Y lo mismo con las terrazas y hasta las calles. Su razonamiento, como suele
ocurrir con la indignación, no llega
muy lejos pues, ¿de qué vivirá una ciudad que no crea suficientes empleos en
nuevas tecnologías para dar de comer a sus habitantes, pero que tiene la suerte
de atraer a los de fuera? Si llegamos a tener una sanidad y una educación
públicas como las de antes de la crisis, ha sido gracias al turismo. Y si hemos de recuperar los niveles entonces alcanzados tendrá que
hacerse con el turismo o no se hará, al menos en un horizonte previsible.
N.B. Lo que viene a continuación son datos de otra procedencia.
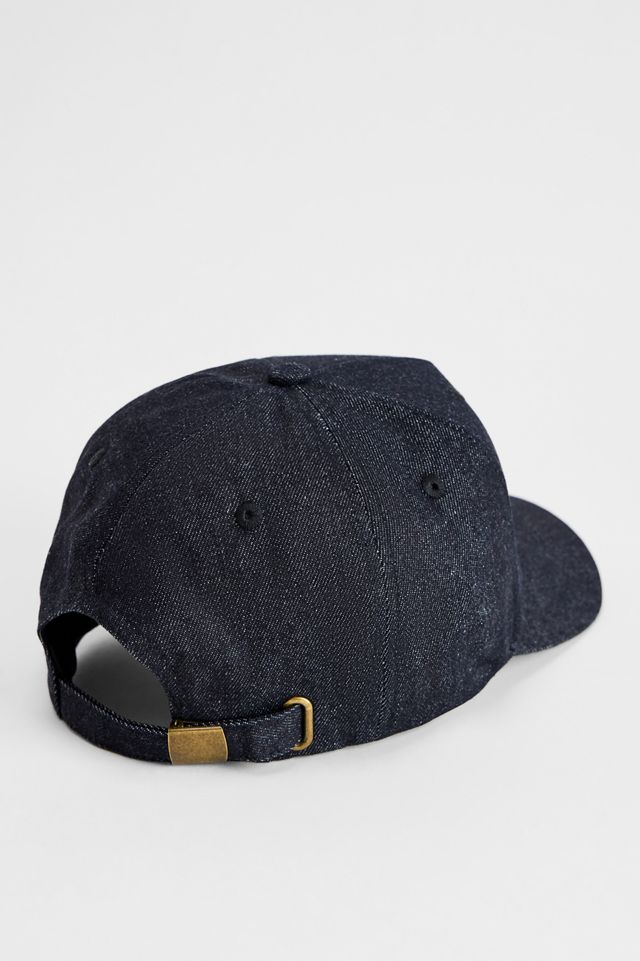 Cappellino in Denim iets frans... #2
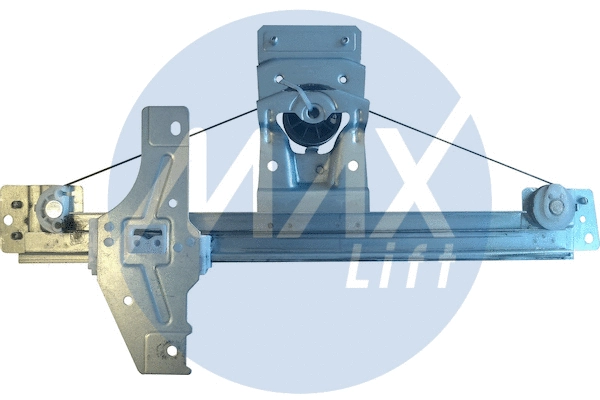 Window Regulator (WPG112-L)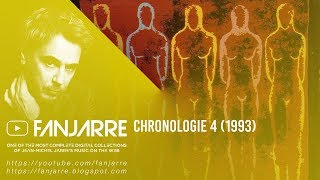 JeanMichel Jarre  Chronologie 4 Single [upl. by Yensehc]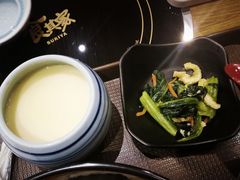 鸡蛋蒸套餐-食其家·牛丼咖喱(蚂蚁金服店)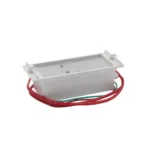 air purifier ozone system: ceramic plate high voltage power driver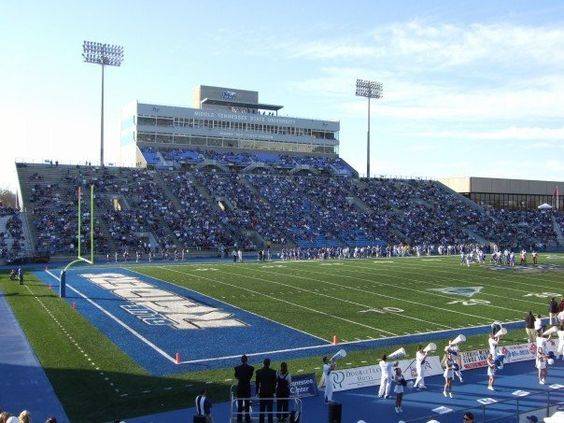 Middle Tennessee Blue Raiders 2016 NCAA Football Preview
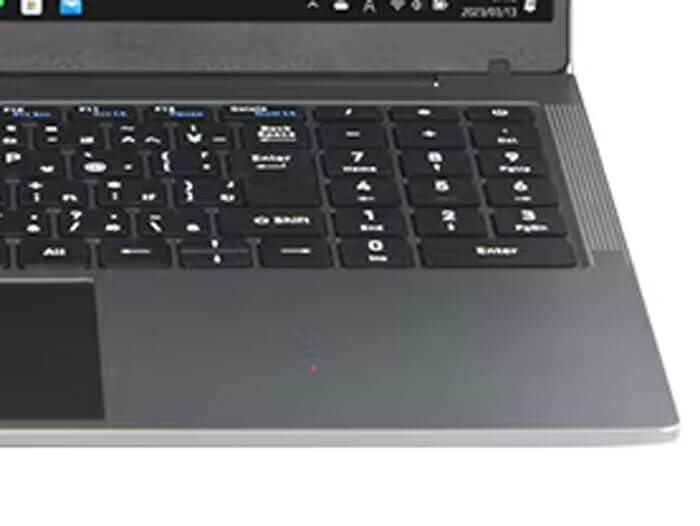 DGP-WNB1502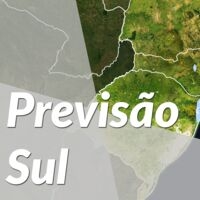 SUL: sexta-feira terá céu limpo e temperatura pode chegar aos 38º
Hay más aspectos del asunto, sin embargo. La gentrificación y consiguiente expulsión
de la población local del centro de las ciudades turísticas adquiere caracteres
especialmente dramáticos en Barcelona. La subida de los precios de la propiedad
inmobiliaria como consecuencia de su uso más rentable repercute en subida de
los alquileres, y ésta rompe los presupuestos familiares. Tampoco es nada
nuevo: viene ocurriendo en Madrid desde mucho antes. Y sucede en todas las
grandes ciudades donde la formación de centros financieros, comerciales y de
negocios vacía de residentes barrios enteros. Querer que el centro de las
ciudades quede exclusivamente para uso residencial es negarse a que pueda
actuar como motor económico. Lo dramático es que la gentrificación, en Barcelona,
está siendo consecuencia de la crisis. Muchas familias, que perdieron su
vivienda en la crisis hipotecaria y han pasado a estar de alquiler, son
expulsadas al extrarradio. Por la acción del mercado, los perdedores de la
crisis son también los perdedores del boom turístico, al tiempo que los ganadores
ganan por partida doble. Pobres contra ricos, ricos contra pobres. Un argumento
así hace mella en el ayuntamiento presidido por quien fundó la Plataforma de
Afectados por la Hipoteca. Sin embargo, haría falta conocer con la mayor
exactitud posible los números, para tratarlos con correcciones a la política en
lugar de poner ésta al carro de los casos más sangrantes como si fueran la
regla general.
Todo se complica si introducimos la variable política, que
en Cataluña no es baladí. El proceso soberanista se ha querido explicar de
muchas y variadas formas: que si «España nos roba», que si se quiere tapar la corrupción
de los convergentes, que si ha surgido una oportunidad revolucionaria que asombrará al
mundo… Hay un factor que se olvida con frecuencia: la indignación, protagonista de este artículo. Cuando el gobierno de
Artur Mas se metió a hacer retallades,
que dejaron a la educación y la sanidad hechas unos zorros, se topó con la indignación. ¿Qué mejor forma de
librarse de su acoso que reconducir esa fuerza combativa hacia la secesión? Y
con su habitual falta de criterio en muchos ámbitos, la indignación se dejó reconducir. Obsérvese, por ejemplo, que los
votos de la CUP, independentista, en las autonómicas de septiembre de 2015,
fueron prácticamente los mismos que los de En Comù Podem, en su mayoría unionista,
en las generales dos meses después. La indignación
ha sufrido una esquizofrenia característica en el tema independentista, que la
ha hecho fácilmente manipulable por los políticos corruptos del nacionalismo.
Pero eso se está terminando. Los líderes de la indignación mantienen cada vez más firme su voluntad de no romper
con el Estado porque son conscientes de que en una república catalana (que los
trataría de colonos españoles) les iría mucho peor. Saben que el nacionalismo
es una ideología de ricos que quieren afianzar su poder sobre los pobres y que,
contra lo que creen los aventureros delirantes de la CUP, en una Cataluña
independiente será todavía más difícil que en España transformar las cosas. Y
consciente del desafío que para ella plantea el procès, la indignación
planta cara a los ricos en todos los terrenos que puede. Las circunstancias han
determinado que uno de ellos, y de la mayor importancia, sea el turismo.